Globally, record or near-record Brazilian exports of beans, meal and oil are offsetting more muted growth elsewhere and contributing to a comfortable balance in world soybean and product stocks in 2025/26. USDA’s latest projections still point to ample global soybean supplies, with Brazil driving export growth.
Fundamentals & Weather
The key fundamental shift is Brazil’s move up the value chain. Higher domestic crushing capacity allows Brazil not only to ship record volumes of raw beans but also to capture margins in soybean meal and oil. This deepens its competitive advantage versus the US and other origins, particularly into Asia and the Middle East, where buyers increasingly secure full soymeal and vegoil programs from Brazil.
Weather-wise, immediate attention is on US Midwest planting and early crop development, which so far proceed at a normal to slightly faster-than-average pace, limiting weather risk premia for now.

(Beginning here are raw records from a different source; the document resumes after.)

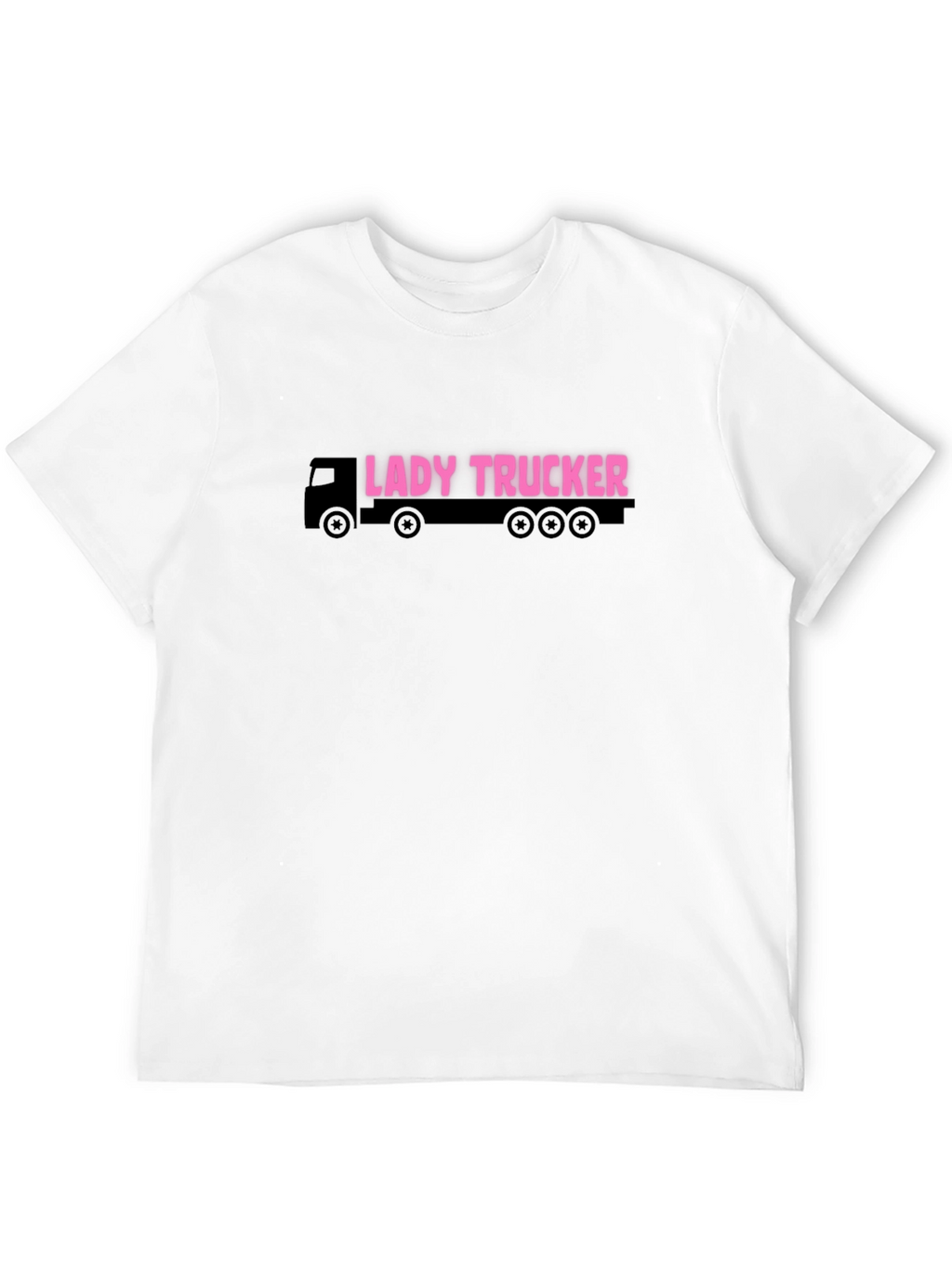Lady Trucker Graphic Tee - Black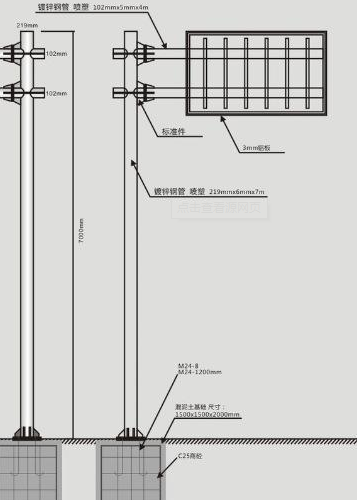 交通標(biāo)志桿F桿安裝方法圖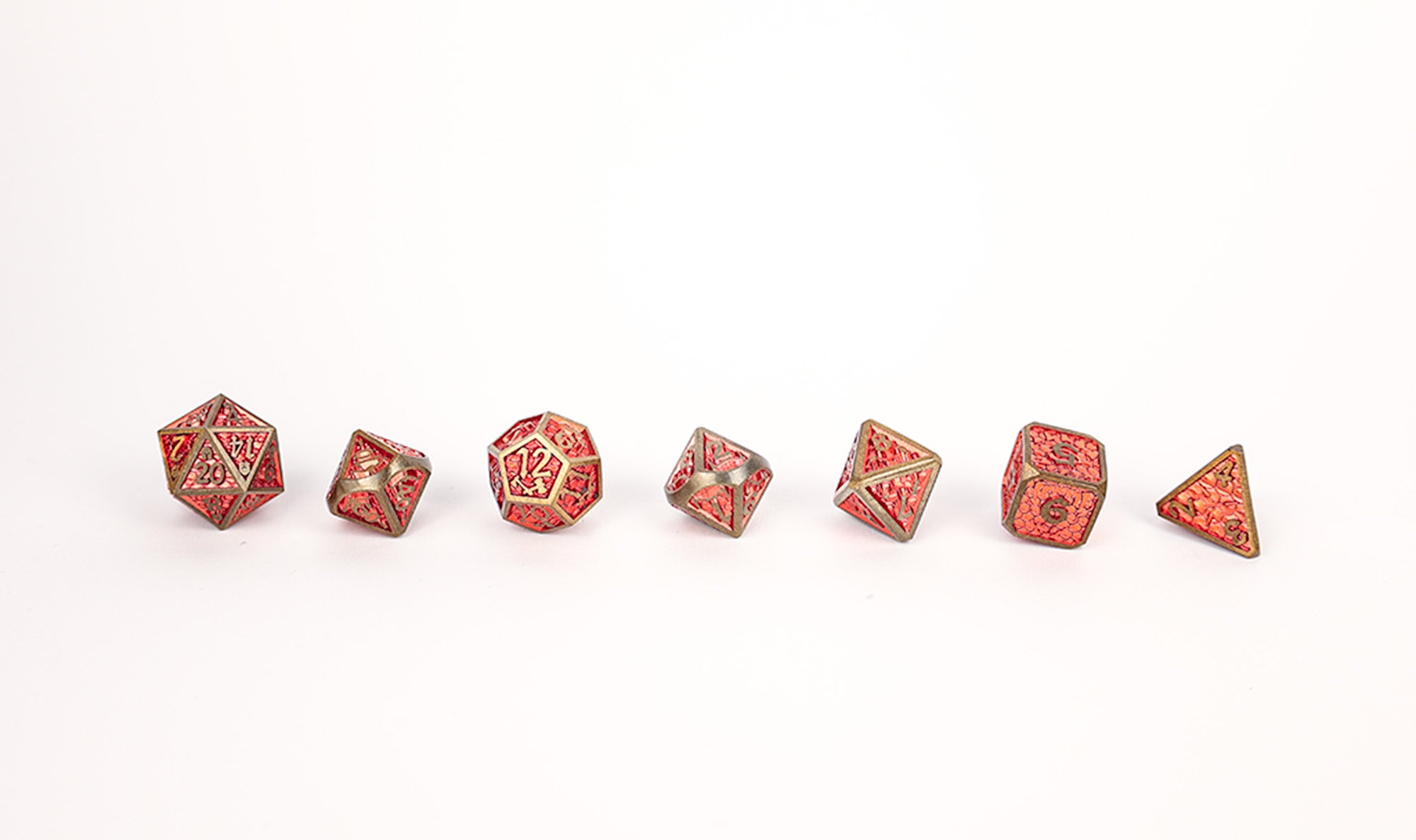 LPG Dice RPG Set Draco Bright Red/Gold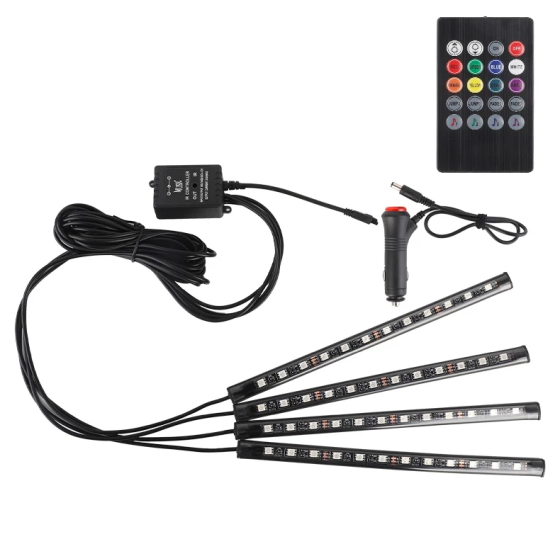 Подсветка салона авто RGB с пультом и музыкой Киев
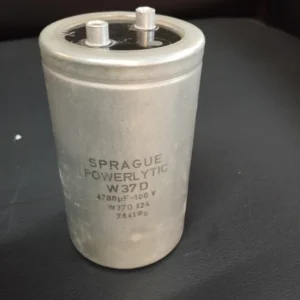 خازن DC آمریکایی ۴۷۰۰ میکرو فاراد ۱۰۰ ولت Sprague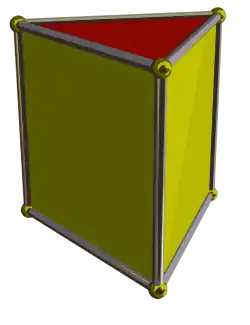 Dreieckiges reguläres Prisma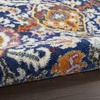 image:imageNourison Home Passion Blue Multicolor 110 x 210 Area Rug  Easy Clean Non Shedding Bed Room Living Room Dining Room Kitchen 2 x 3Blue Multicolor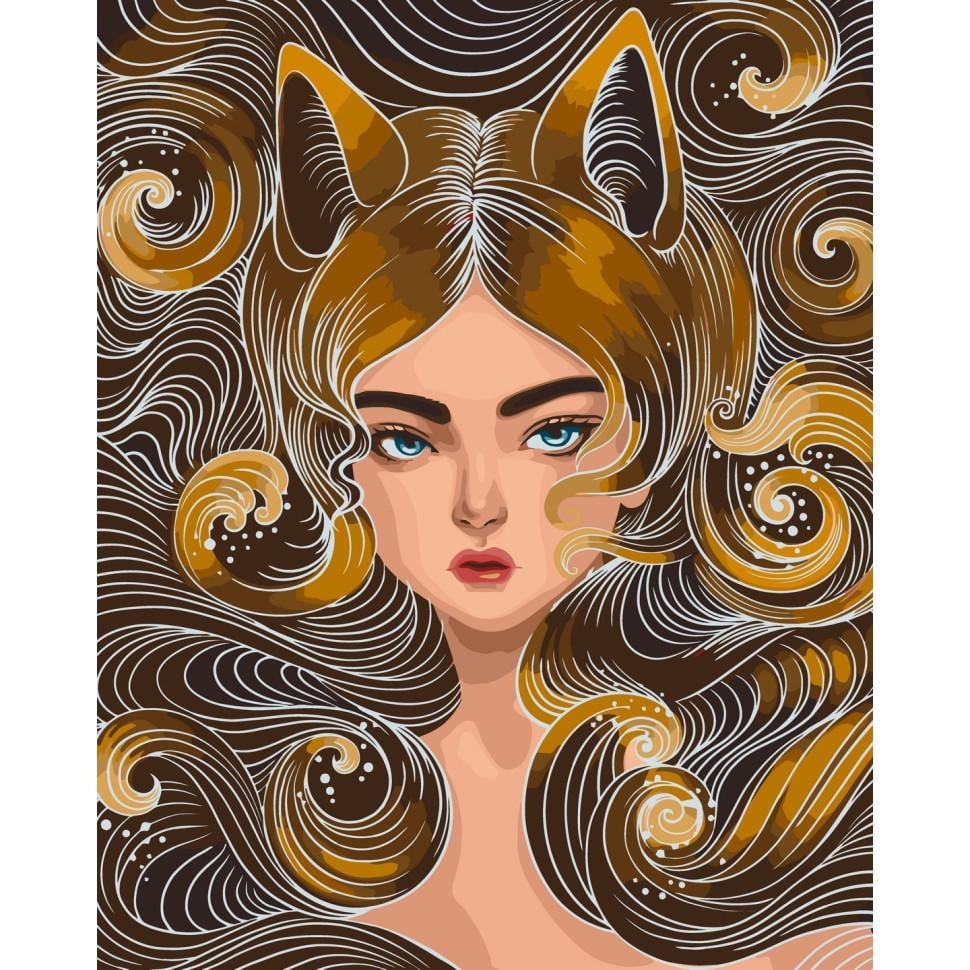 Картина по номерам ART CRAFT Загадочная лисичка 40x50 см Разноцветный (PM-194-K-1039)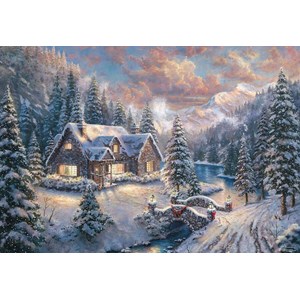 Schmidt Spiele (59493) - "High Country Christmas" - 1000 pieces puzzle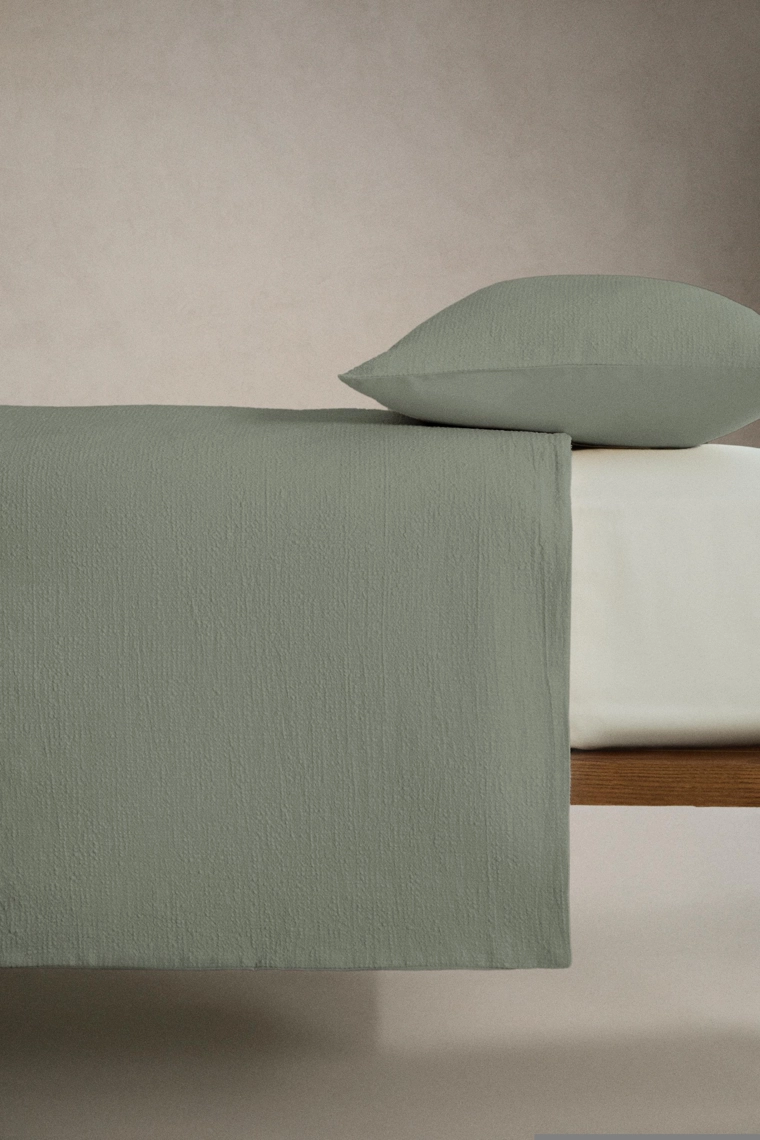 Покрывало для одеяла из хлопкового жаккарда с текстурой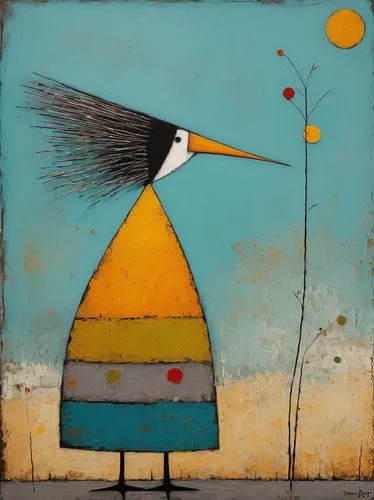 klee,dran,bird painting,mostovoy,degrazia,ardea,Art,Artistic Painting,Artistic Painting 49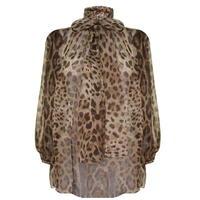 dolce and gabbana leo print blouse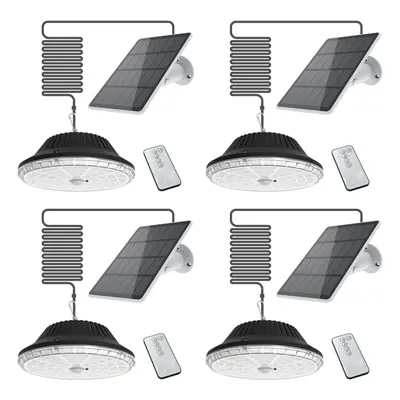 Lot de 4x Lampes solaires EZIlight® Solar roof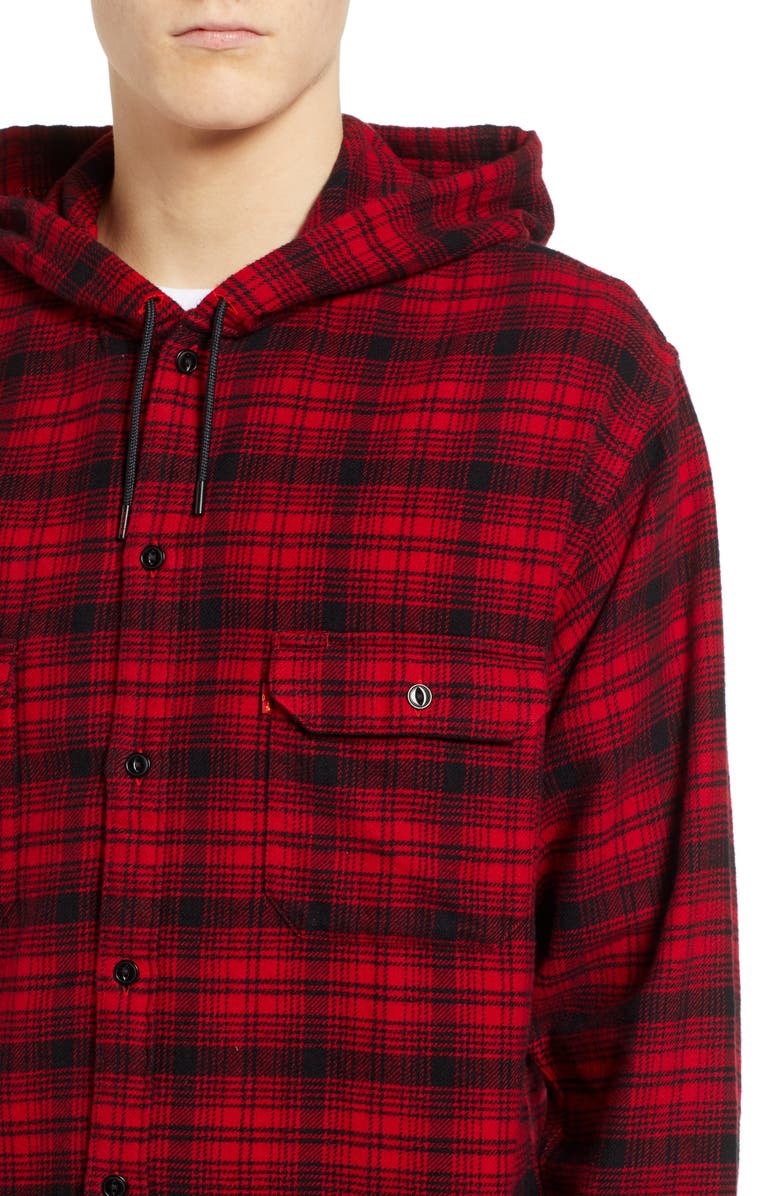 Levi's<sup>®</sup> x Justin Timberlake Hooded Flannel Worker Shirt, Alternate, color, 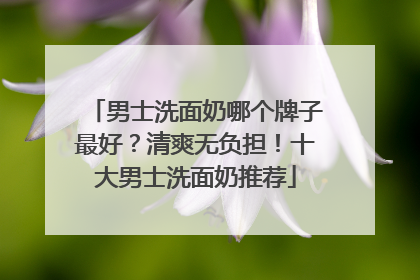 男士洗面奶哪个牌子最好？清爽无负担！十大男士洗面奶推荐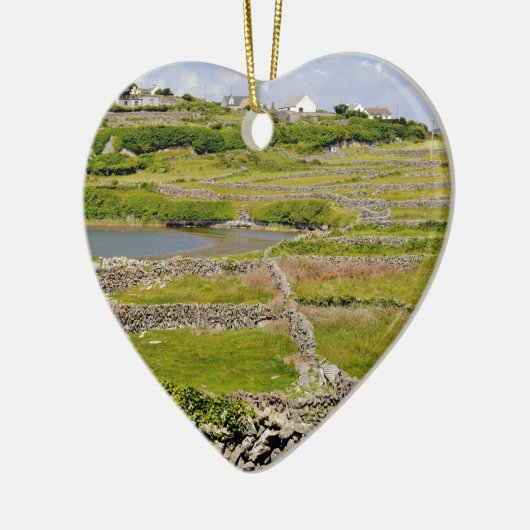 Irische Steinmauern Keramik Ornament (Links)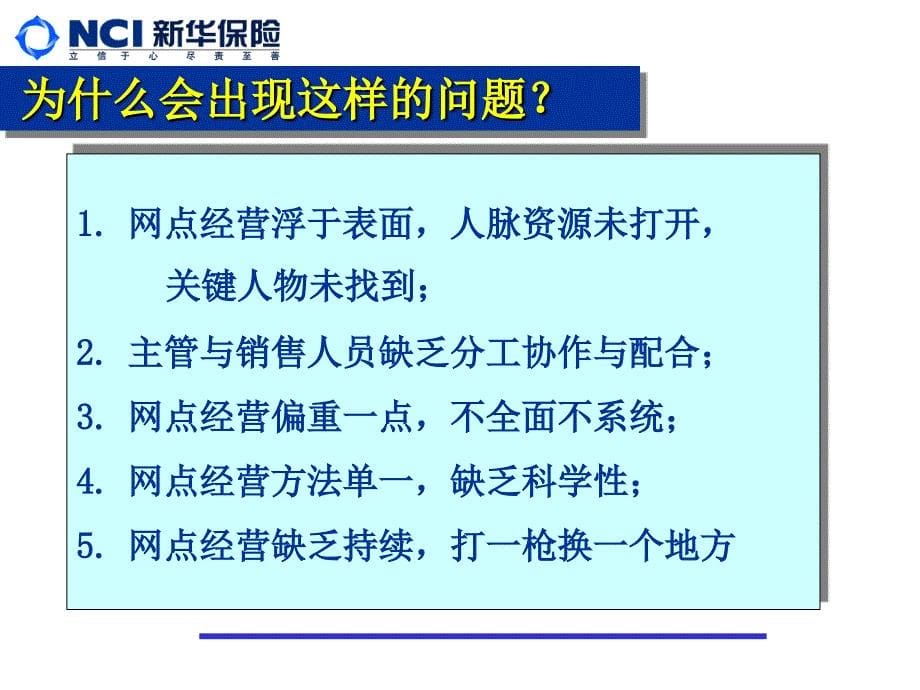 保险公司银行业务部主管培训课件：网点深度经营_第5页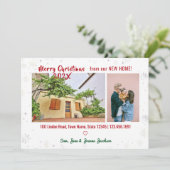 Eenvoudige legant die we voor kerstfoto's hebben g aankondiging (Staand voorkant)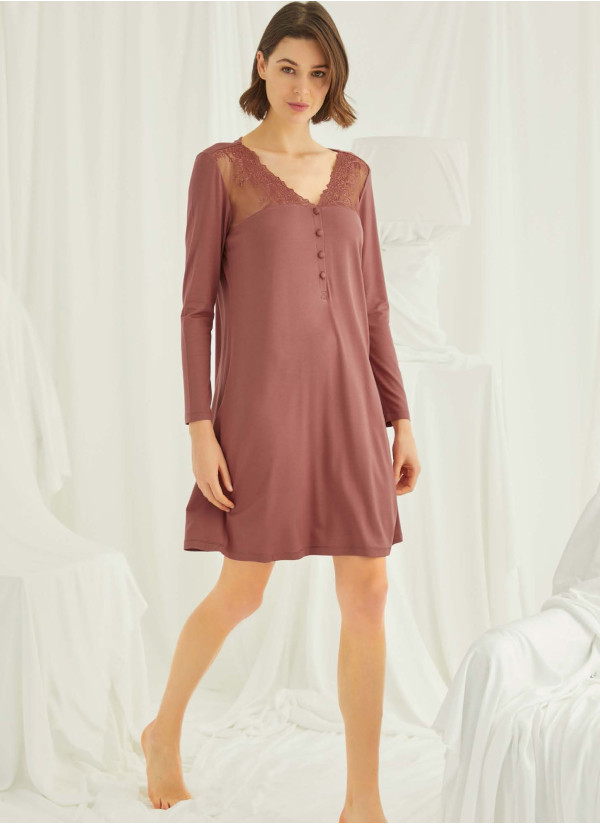 Monamise 19315 Nightdress (S+M+L+XL) — Turkish factory wholesale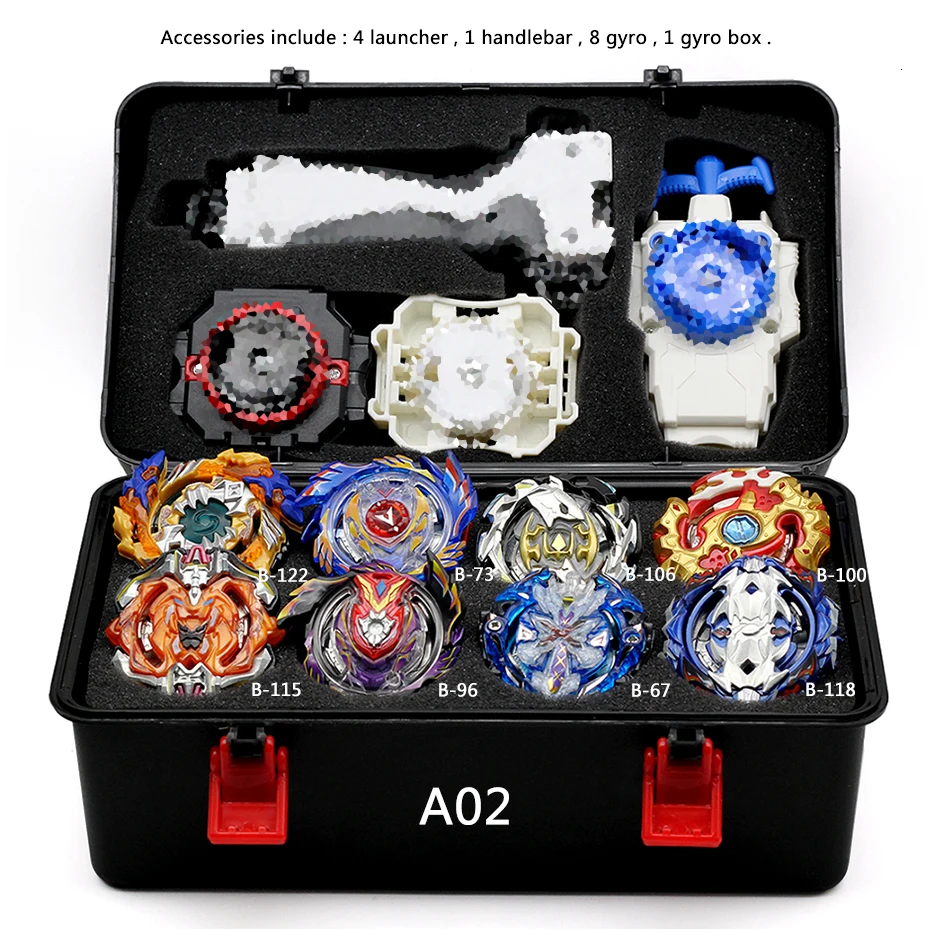 TAKARA TOMY Beyblade с пусковым устройством Arena Stadium Toupie волчок Beyblade Burst Metal 4D Фьюжн-игрушки для детей - Цвет: A02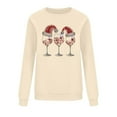 thumbnail image 6 of Sakmal Graphic Sweatshirts Women Yellow Fall Oversized Christmas Sweatshirts Casual Long Sleeve Shirts, 6 of 6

In Brazil, the current focus is more on logistics and export pace than on crop stress, as the main soybean harvest is largely complete and record shipments in April and May confirm strong execution capacity.
On the demand side, India’s strong intake of Brazilian soybean oil contrasts with a broader shift in its edible oil import mix, where palm oil remains highly competitive. China, for its part, is clearly favoring Brazilian-origin soybeans at the expense of US supplies, supported by price competitiveness and well-established trade channels. These patterns anchor a trade flow configuration in which Brazil sits at the center, with others increasingly playing a balancing role.
Outlook & Trading Implications
With Brazil’s export program running at record speed and crush-driven by-products surging, the overall soybean complex leans slightly bearish on a global balance basis, even if local premiums and logistics can create short-term tightness in specific origins. Futures are likely to remain under pressure unless significant weather problems emerge in the US or a sharp demand shock materializes.
Trading outlook (next 4–6 weeks)
- Importers: Use current price softness and Brazil’s aggressive offers to extend coverage into Q3, especially for soybean meal and oil, while keeping some flexibility in case of US weather rallies.
- Crushers: In destinations with access to Brazilian beans, consider locking in nearby basis where premiums are still modest relative to historical levels, as Brazil’s growing processing capacity may gradually tighten exportable raw bean supplies in the medium term.
- Producers: US and other non-Brazilian farmers should view current futures stabilization as an opportunity for scaled sales, particularly on price rallies driven by short-lived weather scares.
3-day price indication (directional)
- US (FOB Gulf/Atlantic, benchmarked to US No. 2): Sideways to slightly firmer in EUR terms, tracking stable futures and modest basis strength.
- Brazil (FOB ports): Slight downside risk as record shipments and intense competition keep export premiums tight.
- Asia imports (CFR China/India): Mostly stable, with competitive Brazilian offers capping upside despite firm freight and local currency moves.